──────── EXERCISE INPUT ────────

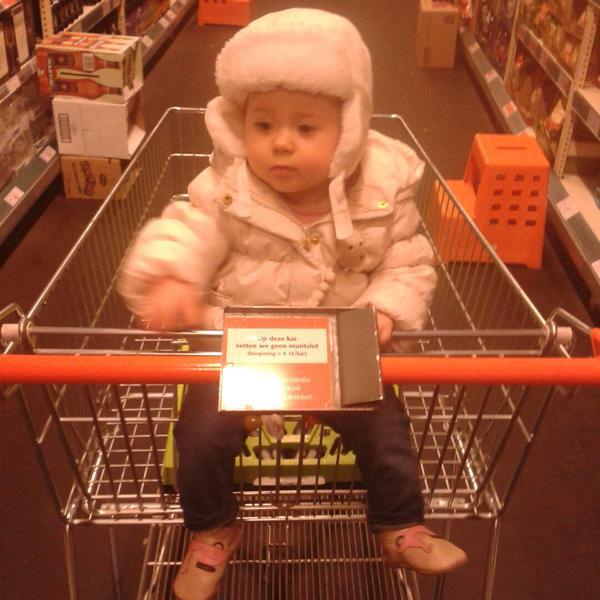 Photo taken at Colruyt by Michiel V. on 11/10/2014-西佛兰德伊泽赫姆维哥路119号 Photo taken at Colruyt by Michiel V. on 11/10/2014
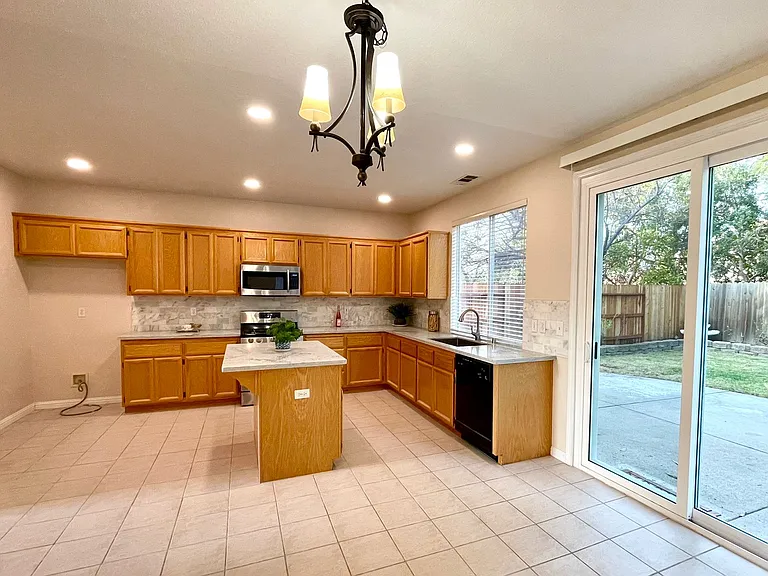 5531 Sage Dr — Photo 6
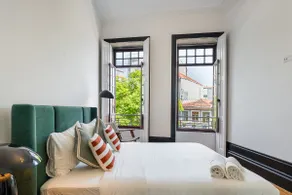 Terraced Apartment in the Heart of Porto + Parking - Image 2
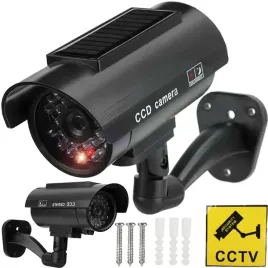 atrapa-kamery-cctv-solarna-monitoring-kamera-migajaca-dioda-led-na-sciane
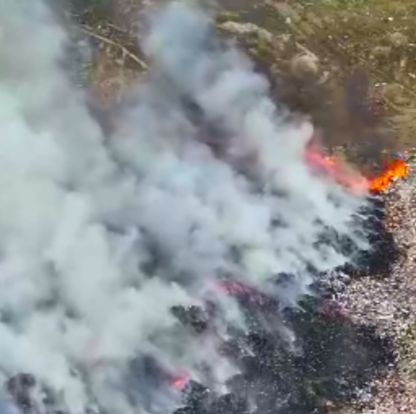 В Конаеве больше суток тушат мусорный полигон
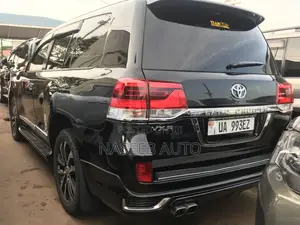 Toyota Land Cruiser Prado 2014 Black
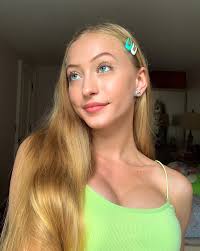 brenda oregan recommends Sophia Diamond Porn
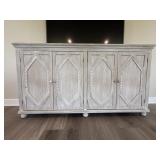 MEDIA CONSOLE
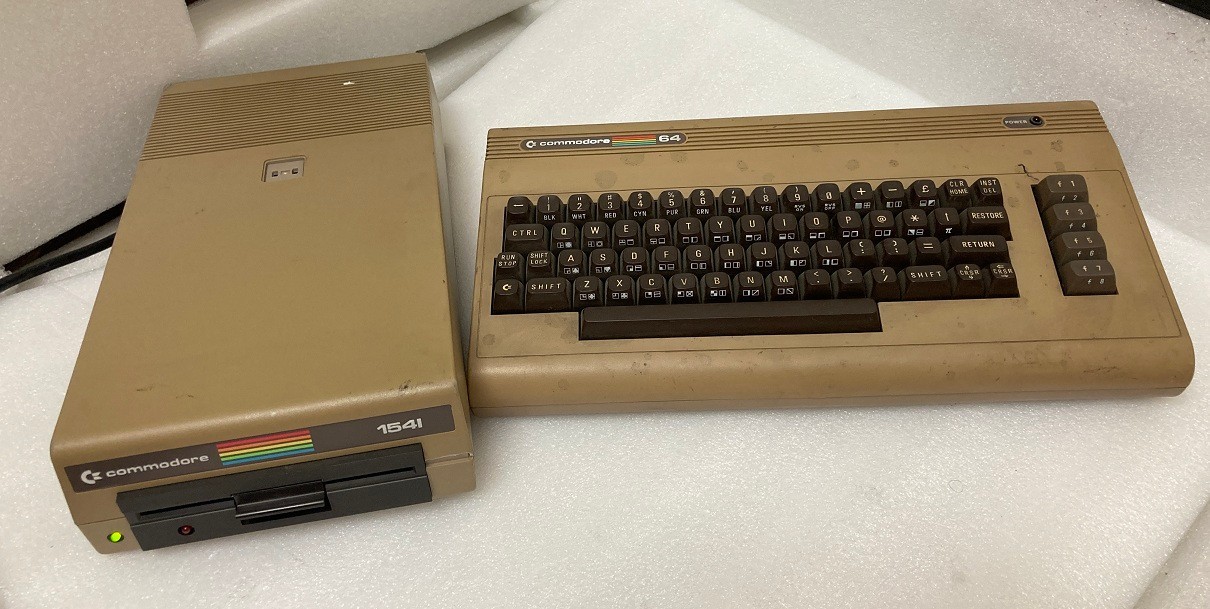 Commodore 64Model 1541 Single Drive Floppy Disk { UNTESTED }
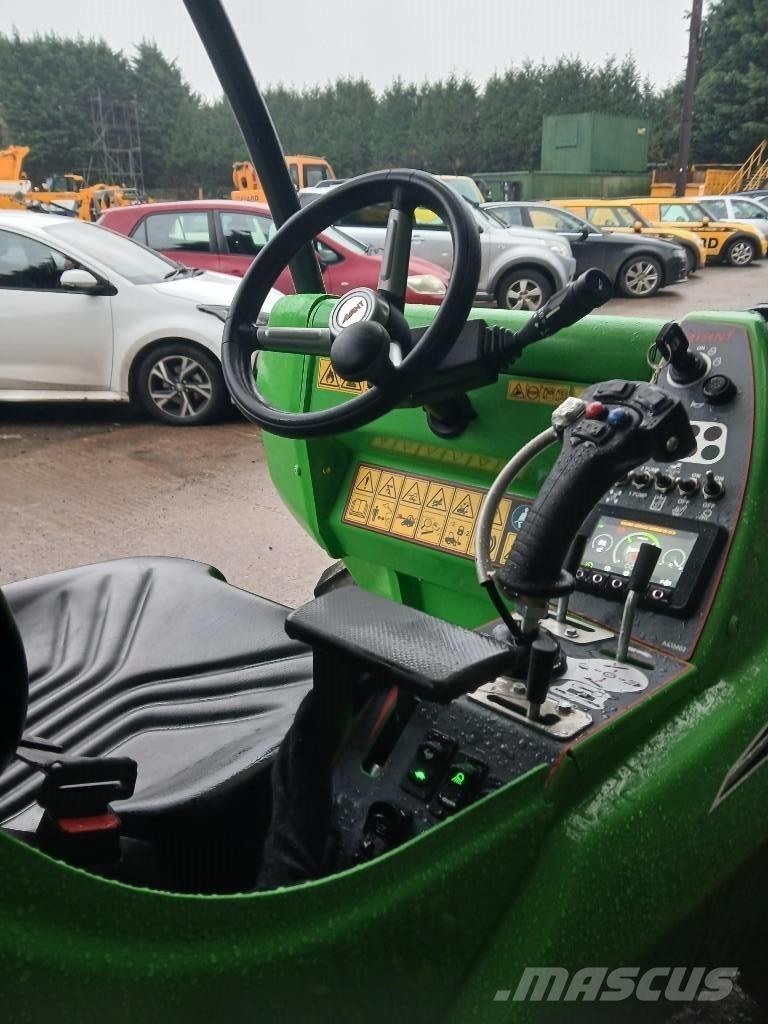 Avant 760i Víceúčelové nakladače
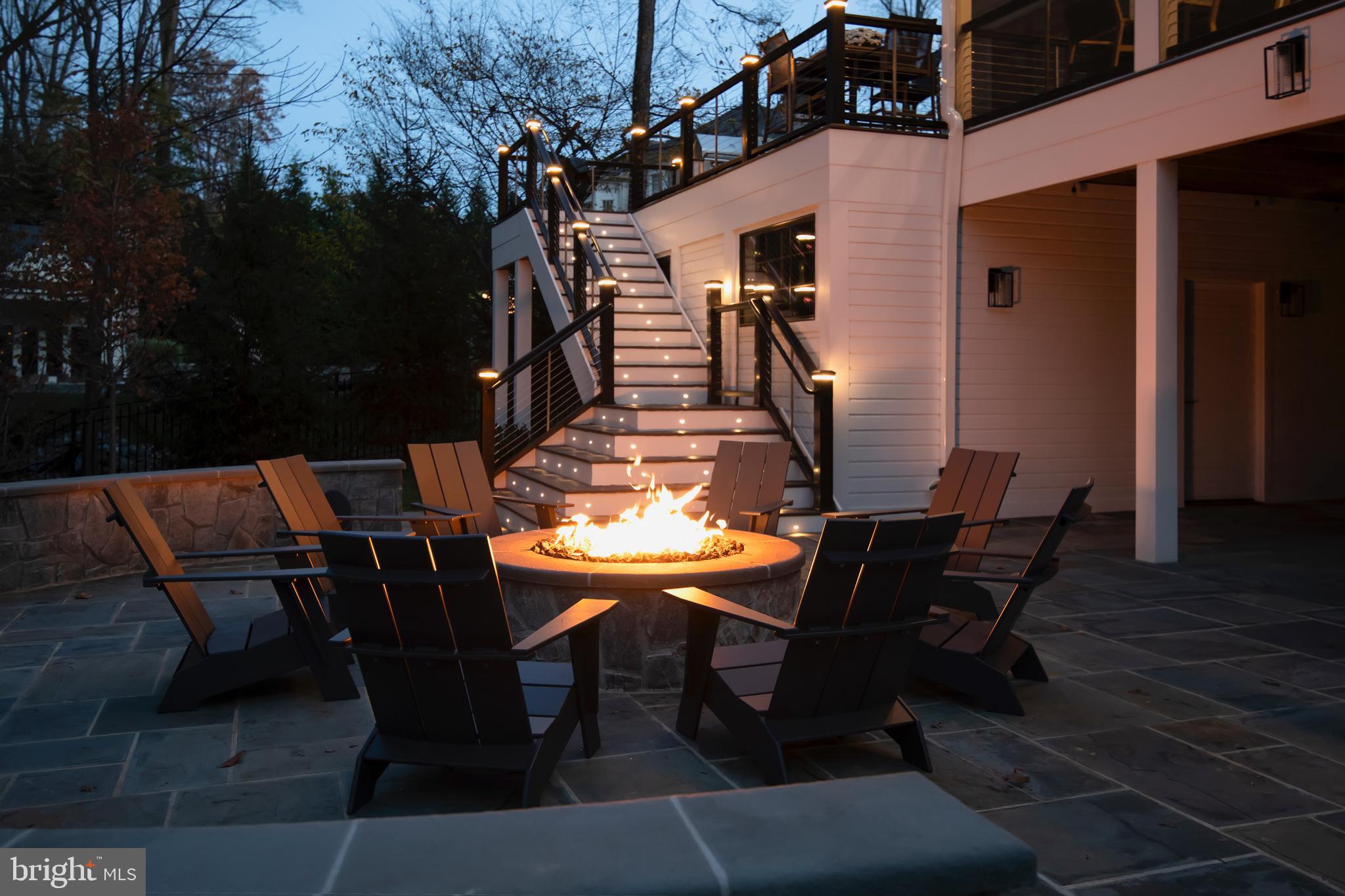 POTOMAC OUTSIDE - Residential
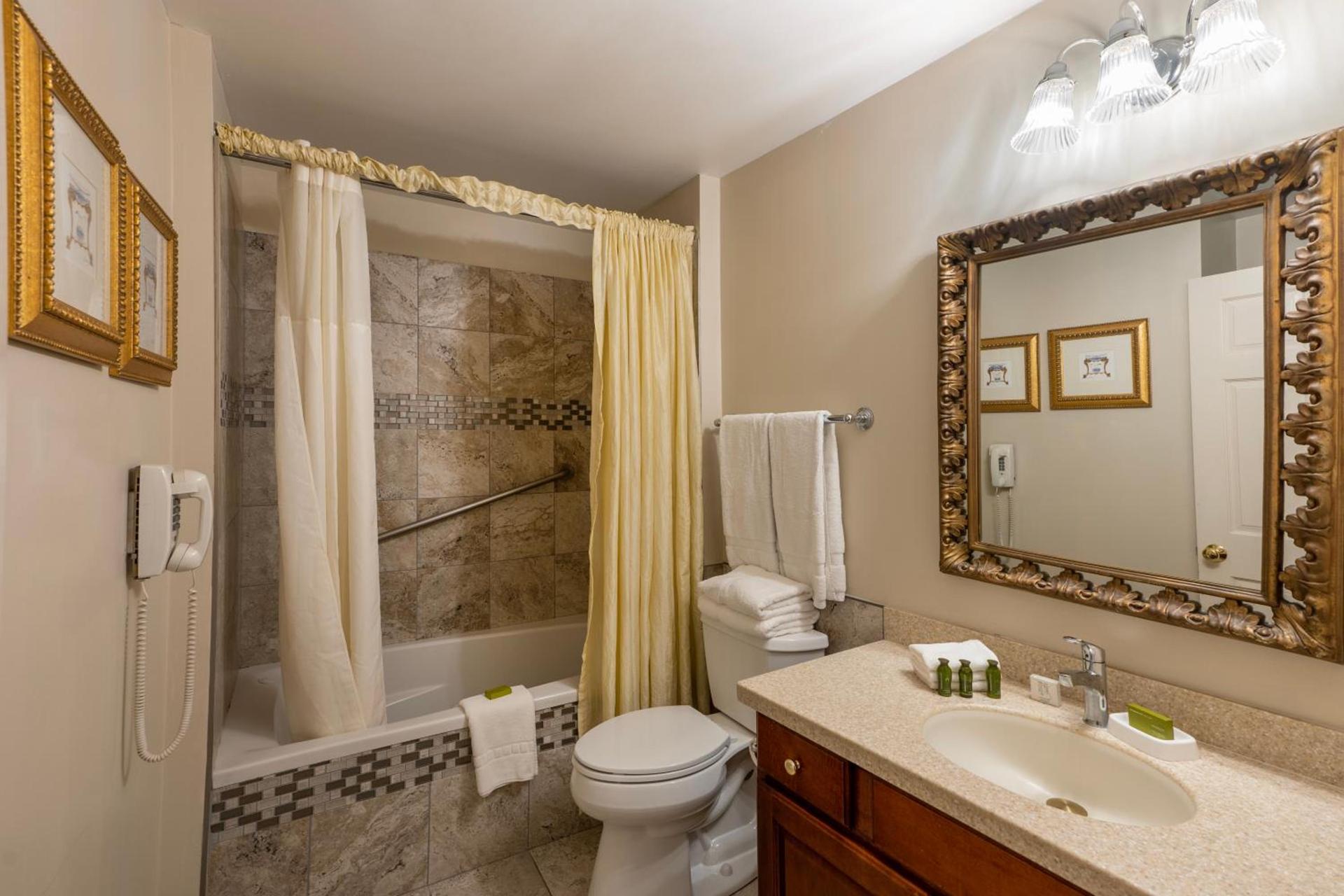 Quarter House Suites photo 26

────────

§ **TASK STATEMENT**: Output the entries exactly and keep every picture out of them.

§ **FINISHED EXERCISE**:
 Photo taken at Colruyt by Michiel V. on 11/10/2014-西佛兰德伊泽赫姆维哥路119号 Photo taken at Colruyt by Michiel V. on 11/10/2014
 5531 Sage Dr — Photo 6
 Terraced Apartment in the Heart of Porto + Parking - Image 2
 atrapa-kamery-cctv-solarna-monitoring-kamera-migajaca-dioda-led-na-sciane
 В Конаеве больше суток тушат мусорный полигон
 Toyota Land Cruiser Prado 2014 Black
 brenda oregan recommends Sophia Diamond Porn
 MEDIA CONSOLE
 Commodore 64Model 1541 Single Drive Floppy Disk { UNTESTED }
 Avant 760i Víceúčelové nakladače
 POTOMAC OUTSIDE - Residential
 Quarter House Suites photo 26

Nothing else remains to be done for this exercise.